Check out my video of the Cycling Along the Saint Lawrence (to be made)

Ottawa to Montreal --> 236km (76km, 76km, 84km)

The first part of the trip, which actually started in a town south of Ottawa called Kemptville took us three days of riding to reach my cousin’s place in Montreal. It just so happened that the first day of the trip was also our first anniversary, so I planned for us to ride 75km to the town of Maxville so that we could go to the Glengarry Highland Games, the largest highland games outside of Scotland. Although it was a little on the expensive side to use their campgrounds and attend the games, it was an interesting experience nonetheless and a different kind of way to spend a first anniversary. The riding that day was quite on the boring side, as we were predominantly riding along county roads with farmland all around, which got a bit on the boring side after a while. Sima complained that he knees were a bit sore, but was otherwise in good spirits.

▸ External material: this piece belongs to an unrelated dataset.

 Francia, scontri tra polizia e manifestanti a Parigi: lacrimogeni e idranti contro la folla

Day 2 took us out of Maxville as we headed south towards the Saint Lawrence River, past the beautiful town of Williamstown, which was first settled in 1785, by a largely Scottish diaspora that settled Upper Canada. When we reached Lancaster, we turned east and followed the South Service Road past a couple campgrounds, which would have provided excellent sleeping options had we not wanted to cycle further. In the end we made it all the way to Le Fort at Coteau-du-lac, where the remnants of an old British Fort stood, which was erected in order to defend against possible American aggression against Montreal. Le Fort was build in a location where the French had previously built a small canal that would enable boats to get past the shallow waters of the St. Lawrence. The British increased the size of the canal so as to allow bigger ships through and then build the fort.

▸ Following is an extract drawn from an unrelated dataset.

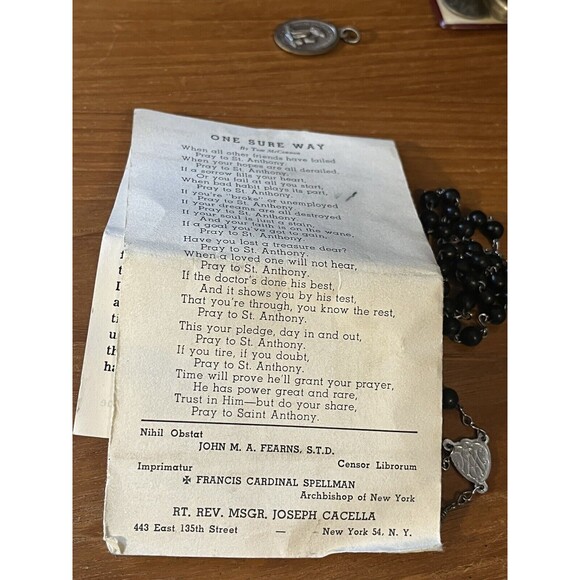 ASSORTED VINTAGE CHRISTIAN MEDALLIONS, CROSSES KEY CHAINS BROCHURES ESTATE - Picture 4 of 12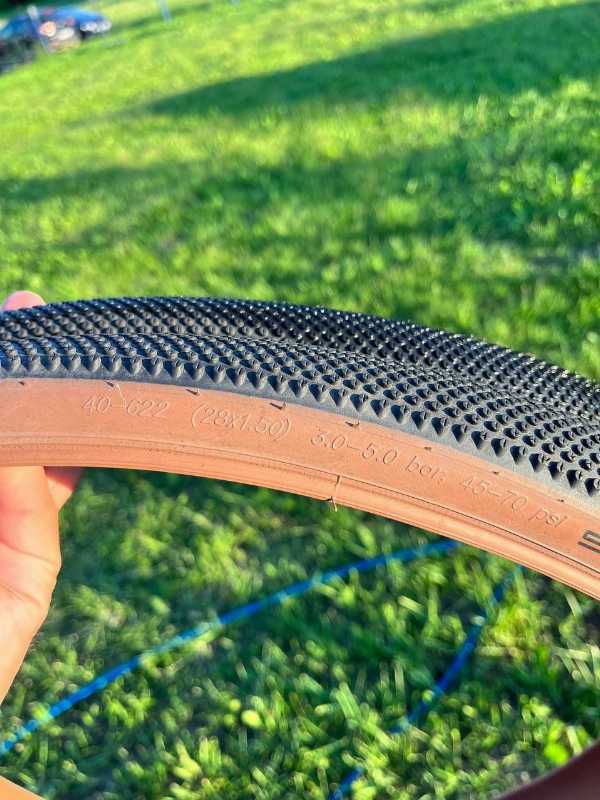 Schwalbe G-ONE ALLROUND 28x1,50 (40-622), RaceGuard, TLE, складная (Bronze Sidewall)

After Sima’s first night of wild camping at Le Fort, we woke up early to pack up camp before people showed up, cooked breakfast and then had a little wander around the fort before getting on the bikes and continuing on the way to Montreal. Once you reach the Province of Quebec, the cycling infrastructure gets much better than on the Ontario side, and you can follow the Route Verte as it winds its way all over the province. Heading towards Montreal we were able to follow the Route Verte along the Canal de Soulange nearly all the way to the Island of Montreal. Crossing the bridge into Montreal, you arrive in what they call West Island, the part of the city where all the rich live. The ride along the southern side of Montreal towards the city centre is truly beautiful. We were lucky to be there on such a beautiful day and the parks and bike paths were filled with people making the most of the great weather.

After 3 days of riding, we were due for a rest in Montreal and a chance to catch up with some cousins, an aunt and an uncle. We went out and had some amazing Montreal poutine, which is a famous French Canadian dish of french fries, curd cheese, and gravy, with the possibility of adding meat to it. With a short ineffective stop at a bike shop to drill out Sima’s rims to fit schrader valves, we went to my uncle’s house to use his drill and do it ourselves. 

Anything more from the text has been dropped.